Texte : Bastien Seon
Photographie : Bastien Seon & Pierre Escand


Traversée de Madère, d’Ouest en Est. 
4 jours de randonnée-Bivouac.


120km / +7000m de dénivelé


       
       

741 km2 qui sort de l’eau, en plein Atlantique. Madère fait partie de la Macaronésie, un ensemble d’îles bordées par l’atlantique qui comprend entre autre, les Canaries et les Açores. Un bref regard sur une map monde et on réalise qu’elle est plus proche du Maroc que du Portugal, d’où son climat océanique sub-tropical. Madère c’est une histoire d’entêtement. De celui du soleil qui y fait briller un inlassable printemps. De celui de l’océan qui vient et revient y briser sa houle, ample, infinie. Mais aussi de ceux qui y ont fait d’un cailloux un jardin flottant, une perle. Derrière les fracas des vagues sur ses falaises pareilles à des remparts, au tournant de ces reliefs tourmentés, déchiquetés, acérés, il a fallu s’obstiner pour dompter un escarpement volcanique abyssal. S’échiner à lui arracher de minuscules parcelles de terres planes et cultivables. S’ingénier à y faire ruisseler l’eau, à y dessiner des chemins de traverse pour y découvrir tous ces recoins.
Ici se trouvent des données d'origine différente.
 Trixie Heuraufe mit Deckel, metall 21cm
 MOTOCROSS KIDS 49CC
Entre ciel et océan, sous la douceur d’un soleil quasi permanent. Madère déroule plus de 2000km de levadas (canaux d’irrigations) et autant de sentiers de randonnée dans une exubérance toute tropicale. Impossible de ne pas être attiré par ces jardins flottants qui tapissent les versants d’un kaléidoscope de terrasses et de muret de pierres, où les plantations de bananiers, de papayers, vignes et autres potagers défient les lois de la pesanteur. Ces montagnes acérées, déchirant les nuages, ces gorges abyssales profondément encaissé offrent un relief démesuré.
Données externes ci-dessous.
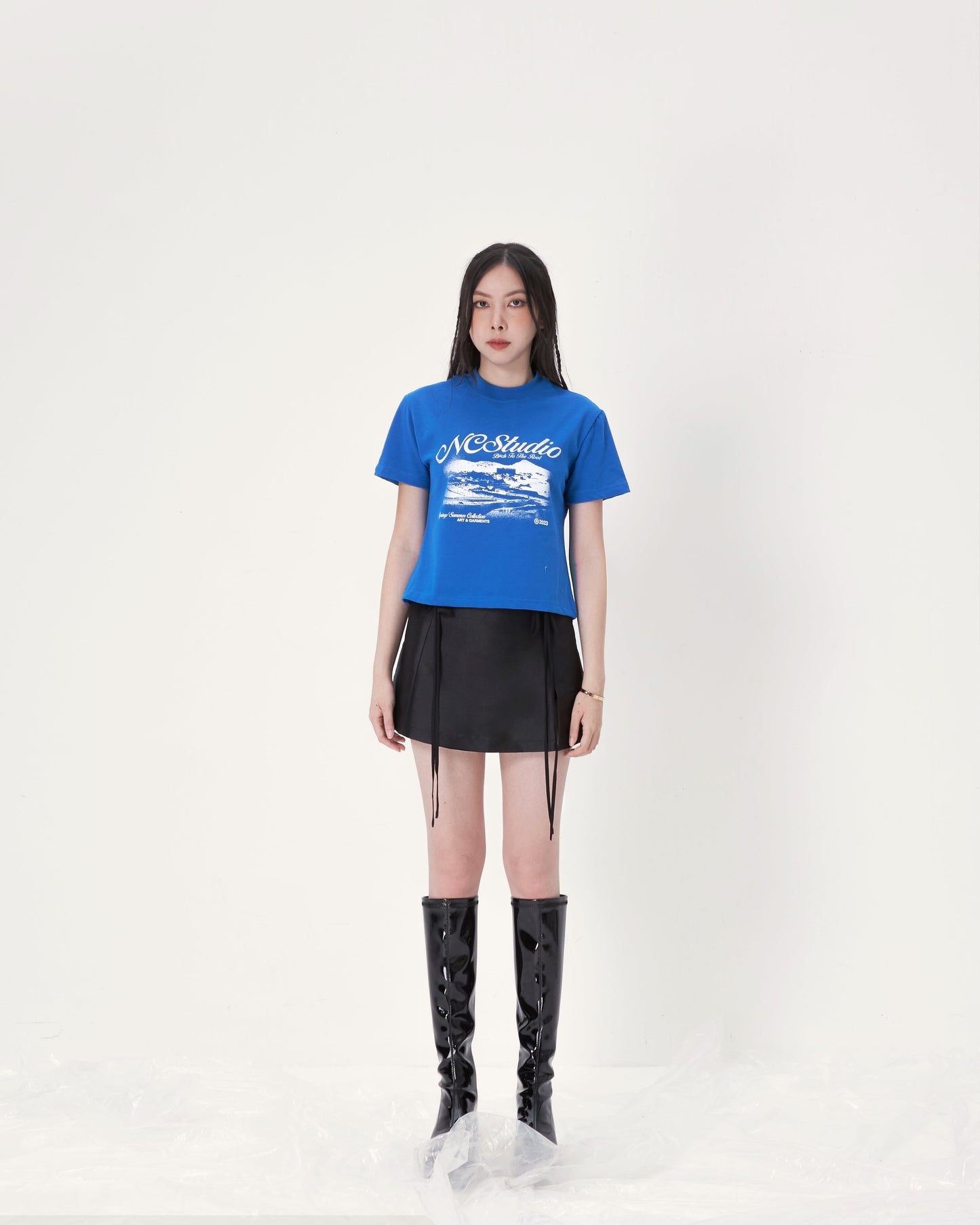 NCS® Heritage Baby Tee (Cobalt Blue) - NOCONTROLSTUDIO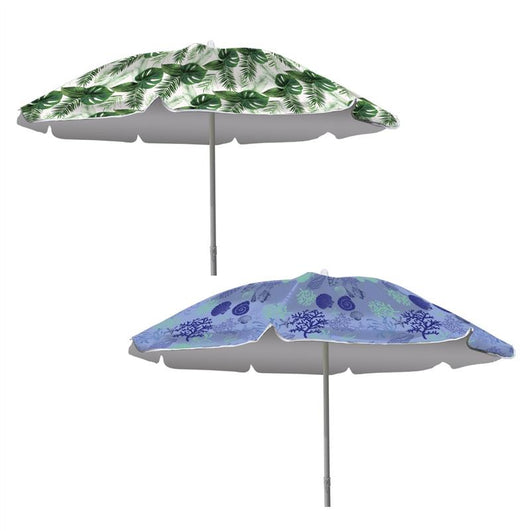 MA MAISON OMBRELLONE SUMMER CM.180 TUBO PROTEZIONE RAGGI UV FANTASIA ASSORTITA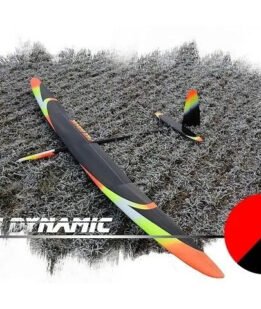 Pike Dynamic F5J 1600gm Version w LDS Installation to suit Hitec D145SW White Black Fluoro Red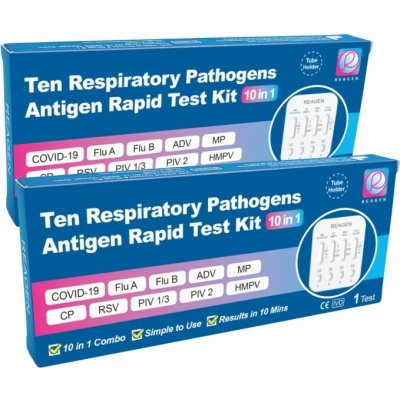 Reagen 10 RPATK - test na deset respiračních patogenů včetně COVID-19 - 2 ks – Zboží Dáma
Ce pays de falaises et d’eau, avec son cortège de senteurs, de paysages et d’émotions, était le lieu idéal pour notre randonnée-bivouac. Cette aventure c’est avant tout un désir de sobriété, d’une pause dans un train de vie qui nous incite au toujours plus, au superflu. Une frugalité choisie pour se concentrer sur l’essentielle, le nécessaire et de se contenter de petits luxes. Passionné par le Trail running, la compétition n’est pas une priorité pour moi mais relever un défis, construire et concrétiser un projet me stimule. L’idée d’une traversée de l’île de Madère d’Ouest en Est se dessine. Porté par mon désir de partager cette aventure, c’est donc avec 3 amis que ce périple va se construire.
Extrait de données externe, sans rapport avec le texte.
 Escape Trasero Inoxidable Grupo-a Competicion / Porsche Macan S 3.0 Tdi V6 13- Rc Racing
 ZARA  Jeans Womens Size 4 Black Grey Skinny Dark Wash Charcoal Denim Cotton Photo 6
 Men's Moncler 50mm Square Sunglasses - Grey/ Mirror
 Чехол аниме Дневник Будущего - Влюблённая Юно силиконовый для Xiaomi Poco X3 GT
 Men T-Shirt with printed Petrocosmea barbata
17h30, veille du départ. Il est l’heure de vérifier les sacs. Répartition du poids, des vivres et de l’eau. La carte et l’appareil photo rangés. Le maître-mot de ce trip c’est la sobriété, on s’allège donc du superflu pour ne garder que l’essentiel pour cette randonnée. Ah si, j’embarque un petit bouquin : « Plutôt couler en beauté que flotter sans grâce » de Corinne Morel Darleux. Un petit 86 pages de circonstances pour cette micro-aventure. Un appel à l’intelligence, à la liberté et à une sobriété au long cours.




Jour 1





C’est parti. 8h. Nous voilà à notre point de départ, Porto Moniz, un petit village maritime sur la côte nord de l’île. Il fait beau, un brin d’air marin. Les réserves d’eau pleines, et des sachets de nouilles chinoises à en faire craquer les coutures du sac. Tout est donc prêt. Ce premier jour s’annonce comme un jour test pour le physique. Est-ce que la machine est en forme ? Les guiboles assez préparées ? Mais c’est aussi le test de notre bonne entente. Cette première journée va nous permettre de nous jauger les un les autres dans l’effort.

On s’attaque donc à cette première étape qui va nous permettre de prendre un peu de hauteur sur Madère. D’entrée, 500m après le départ, on se retrouve à entamer la première montée. Les mollets se crispent, le brin d’air à disparu… Le périple s’annonce sportif. La végétation luxuriante dès la périphérie de Porto Moniz nous étonne. Fougères arborescentes, canne à sucre, bananiers, laine de jade ou silhouette en éventail du ravenala, l’arbre du voyageur, nous plonge d’ors et déjà dans l’exotisme.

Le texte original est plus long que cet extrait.